▶ **DATASET EXCERPTS**
- - - -

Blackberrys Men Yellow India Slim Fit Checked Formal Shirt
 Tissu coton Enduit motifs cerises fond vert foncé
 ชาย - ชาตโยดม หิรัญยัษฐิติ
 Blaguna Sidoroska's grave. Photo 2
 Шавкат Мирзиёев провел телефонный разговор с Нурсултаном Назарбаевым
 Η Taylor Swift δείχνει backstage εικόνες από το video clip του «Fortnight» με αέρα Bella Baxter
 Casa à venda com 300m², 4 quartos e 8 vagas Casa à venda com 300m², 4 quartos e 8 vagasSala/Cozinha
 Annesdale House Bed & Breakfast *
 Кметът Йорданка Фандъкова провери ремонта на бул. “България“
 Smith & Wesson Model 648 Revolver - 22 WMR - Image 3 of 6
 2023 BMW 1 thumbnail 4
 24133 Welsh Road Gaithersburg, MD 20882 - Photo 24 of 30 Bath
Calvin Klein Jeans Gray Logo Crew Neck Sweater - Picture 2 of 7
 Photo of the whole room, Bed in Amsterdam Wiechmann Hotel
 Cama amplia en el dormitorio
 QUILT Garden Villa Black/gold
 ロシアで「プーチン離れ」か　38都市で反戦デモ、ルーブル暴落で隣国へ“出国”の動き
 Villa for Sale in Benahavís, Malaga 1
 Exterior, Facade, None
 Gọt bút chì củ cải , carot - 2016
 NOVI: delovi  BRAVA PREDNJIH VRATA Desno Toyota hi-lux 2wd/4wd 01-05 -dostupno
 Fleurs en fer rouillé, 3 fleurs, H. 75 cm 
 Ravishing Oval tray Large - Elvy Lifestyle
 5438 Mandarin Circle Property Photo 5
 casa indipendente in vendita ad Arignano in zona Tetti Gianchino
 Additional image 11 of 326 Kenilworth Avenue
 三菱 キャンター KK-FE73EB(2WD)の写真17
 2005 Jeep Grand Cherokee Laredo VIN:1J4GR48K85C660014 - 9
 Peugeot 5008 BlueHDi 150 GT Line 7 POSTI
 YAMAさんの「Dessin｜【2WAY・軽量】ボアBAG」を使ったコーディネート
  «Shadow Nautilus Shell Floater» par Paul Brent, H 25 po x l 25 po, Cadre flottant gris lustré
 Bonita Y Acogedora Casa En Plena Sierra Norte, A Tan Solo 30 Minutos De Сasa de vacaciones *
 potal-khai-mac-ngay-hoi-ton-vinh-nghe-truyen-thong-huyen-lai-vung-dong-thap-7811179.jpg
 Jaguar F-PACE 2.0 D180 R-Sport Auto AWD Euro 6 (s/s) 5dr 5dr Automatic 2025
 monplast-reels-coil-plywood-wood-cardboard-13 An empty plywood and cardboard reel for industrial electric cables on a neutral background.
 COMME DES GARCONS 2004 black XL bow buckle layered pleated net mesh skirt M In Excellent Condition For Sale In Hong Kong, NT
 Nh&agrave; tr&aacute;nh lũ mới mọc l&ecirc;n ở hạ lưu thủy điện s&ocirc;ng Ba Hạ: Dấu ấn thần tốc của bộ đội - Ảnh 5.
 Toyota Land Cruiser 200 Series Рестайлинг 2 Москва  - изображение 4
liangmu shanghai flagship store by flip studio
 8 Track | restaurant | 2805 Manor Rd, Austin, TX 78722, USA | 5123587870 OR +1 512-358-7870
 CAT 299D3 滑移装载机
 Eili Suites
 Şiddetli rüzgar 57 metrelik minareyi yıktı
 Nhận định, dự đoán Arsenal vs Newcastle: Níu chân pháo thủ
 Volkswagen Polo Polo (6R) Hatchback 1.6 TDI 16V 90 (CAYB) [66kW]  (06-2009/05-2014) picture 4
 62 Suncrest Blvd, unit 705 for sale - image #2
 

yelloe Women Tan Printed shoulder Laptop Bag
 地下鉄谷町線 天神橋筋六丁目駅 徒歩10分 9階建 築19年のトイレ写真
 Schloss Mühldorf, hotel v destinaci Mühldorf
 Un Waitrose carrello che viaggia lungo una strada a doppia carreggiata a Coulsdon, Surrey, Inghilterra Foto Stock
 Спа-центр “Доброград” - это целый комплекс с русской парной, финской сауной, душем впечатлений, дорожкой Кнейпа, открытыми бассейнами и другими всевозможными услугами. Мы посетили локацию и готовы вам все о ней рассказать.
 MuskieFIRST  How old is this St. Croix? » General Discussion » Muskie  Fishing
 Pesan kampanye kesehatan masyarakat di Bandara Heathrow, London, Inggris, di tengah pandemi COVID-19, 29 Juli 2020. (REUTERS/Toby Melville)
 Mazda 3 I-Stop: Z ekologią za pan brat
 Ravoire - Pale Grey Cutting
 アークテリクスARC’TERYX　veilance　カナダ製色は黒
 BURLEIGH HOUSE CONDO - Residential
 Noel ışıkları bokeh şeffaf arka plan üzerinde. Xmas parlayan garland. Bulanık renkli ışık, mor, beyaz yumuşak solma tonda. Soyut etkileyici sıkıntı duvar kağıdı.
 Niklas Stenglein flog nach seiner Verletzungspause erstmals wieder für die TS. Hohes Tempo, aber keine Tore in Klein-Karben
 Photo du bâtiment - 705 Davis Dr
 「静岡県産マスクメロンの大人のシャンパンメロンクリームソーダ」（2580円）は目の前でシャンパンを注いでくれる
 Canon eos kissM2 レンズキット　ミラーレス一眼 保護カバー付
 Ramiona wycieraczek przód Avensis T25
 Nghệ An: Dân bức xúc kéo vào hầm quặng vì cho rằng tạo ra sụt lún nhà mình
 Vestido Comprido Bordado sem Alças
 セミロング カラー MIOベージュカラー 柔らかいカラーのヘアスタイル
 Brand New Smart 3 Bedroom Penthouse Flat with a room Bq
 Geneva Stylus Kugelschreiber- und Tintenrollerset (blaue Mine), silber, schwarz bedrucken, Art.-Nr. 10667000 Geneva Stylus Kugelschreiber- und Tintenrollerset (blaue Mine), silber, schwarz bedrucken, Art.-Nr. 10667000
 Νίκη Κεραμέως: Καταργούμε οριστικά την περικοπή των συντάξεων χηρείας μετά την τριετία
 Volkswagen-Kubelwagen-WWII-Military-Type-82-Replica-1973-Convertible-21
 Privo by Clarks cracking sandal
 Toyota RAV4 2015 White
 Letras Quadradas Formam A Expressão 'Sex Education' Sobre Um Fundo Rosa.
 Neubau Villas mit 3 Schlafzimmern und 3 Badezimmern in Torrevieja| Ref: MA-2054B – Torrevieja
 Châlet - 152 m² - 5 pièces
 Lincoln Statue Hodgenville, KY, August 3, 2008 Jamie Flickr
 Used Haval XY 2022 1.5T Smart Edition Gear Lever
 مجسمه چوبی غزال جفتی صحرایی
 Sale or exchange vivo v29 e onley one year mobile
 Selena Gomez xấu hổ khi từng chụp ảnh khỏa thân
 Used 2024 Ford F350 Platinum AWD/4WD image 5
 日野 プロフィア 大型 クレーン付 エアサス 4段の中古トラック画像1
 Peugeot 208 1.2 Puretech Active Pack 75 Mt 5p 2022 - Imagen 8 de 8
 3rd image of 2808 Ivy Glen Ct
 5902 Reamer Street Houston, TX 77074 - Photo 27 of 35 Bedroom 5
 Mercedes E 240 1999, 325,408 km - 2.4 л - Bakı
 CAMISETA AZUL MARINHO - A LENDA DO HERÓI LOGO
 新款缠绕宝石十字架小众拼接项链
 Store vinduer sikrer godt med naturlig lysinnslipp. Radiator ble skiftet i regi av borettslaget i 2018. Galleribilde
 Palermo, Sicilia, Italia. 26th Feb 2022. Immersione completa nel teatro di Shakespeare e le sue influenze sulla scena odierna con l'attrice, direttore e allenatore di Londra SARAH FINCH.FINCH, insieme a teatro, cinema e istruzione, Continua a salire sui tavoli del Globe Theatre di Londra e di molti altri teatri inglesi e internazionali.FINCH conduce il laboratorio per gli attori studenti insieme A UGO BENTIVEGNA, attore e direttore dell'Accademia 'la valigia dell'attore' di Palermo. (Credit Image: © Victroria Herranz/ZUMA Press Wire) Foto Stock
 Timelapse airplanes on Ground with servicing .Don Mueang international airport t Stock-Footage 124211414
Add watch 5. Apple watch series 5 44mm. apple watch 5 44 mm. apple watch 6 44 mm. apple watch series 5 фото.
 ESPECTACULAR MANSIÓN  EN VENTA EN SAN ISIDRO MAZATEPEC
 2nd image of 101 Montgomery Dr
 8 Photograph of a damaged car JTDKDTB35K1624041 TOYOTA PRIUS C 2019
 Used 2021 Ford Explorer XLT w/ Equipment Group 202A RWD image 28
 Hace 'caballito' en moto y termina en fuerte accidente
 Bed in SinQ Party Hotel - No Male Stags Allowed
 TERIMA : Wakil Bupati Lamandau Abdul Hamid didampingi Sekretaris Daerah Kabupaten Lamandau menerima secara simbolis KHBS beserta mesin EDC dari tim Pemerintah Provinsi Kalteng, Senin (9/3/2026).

- - - -

▶ **DIRECTIONS**
Could you return exactly the stretch of the data above that starts at the line with "三菱 キャンター KK-FE73EB(2WD)の写真17" and ends at the line with "Nhận định, dự", both lines included?

▶ **RESPONSE FOR THIS EXERCISE**
 三菱 キャンター KK-FE73EB(2WD)の写真17
 2005 Jeep Grand Cherokee Laredo VIN:1J4GR48K85C660014 - 9
 Peugeot 5008 BlueHDi 150 GT Line 7 POSTI
 YAMAさんの「Dessin｜【2WAY・軽量】ボアBAG」を使ったコーディネート
  «Shadow Nautilus Shell Floater» par Paul Brent, H 25 po x l 25 po, Cadre flottant gris lustré
 Bonita Y Acogedora Casa En Plena Sierra Norte, A Tan Solo 30 Minutos De Сasa de vacaciones *
 potal-khai-mac-ngay-hoi-ton-vinh-nghe-truyen-thong-huyen-lai-vung-dong-thap-7811179.jpg
 Jaguar F-PACE 2.0 D180 R-Sport Auto AWD Euro 6 (s/s) 5dr 5dr Automatic 2025
 monplast-reels-coil-plywood-wood-cardboard-13 An empty plywood and cardboard reel for industrial electric cables on a neutral background.
 COMME DES GARCONS 2004 black XL bow buckle layered pleated net mesh skirt M In Excellent Condition For Sale In Hong Kong, NT
 Nh&agrave; tr&aacute;nh lũ mới mọc l&ecirc;n ở hạ lưu thủy điện s&ocirc;ng Ba Hạ: Dấu ấn thần tốc của bộ đội - Ảnh 5.
 Toyota Land Cruiser 200 Series Рестайлинг 2 Москва  - изображение 4
liangmu shanghai flagship store by flip studio
 8 Track | restaurant | 2805 Manor Rd, Austin, TX 78722, USA | 5123587870 OR +1 512-358-7870
 CAT 299D3 滑移装载机
 Eili Suites
 Şiddetli rüzgar 57 metrelik minareyi yıktı
 Nhận định, dự đoán Arsenal vs Newcastle: Níu chân pháo thủ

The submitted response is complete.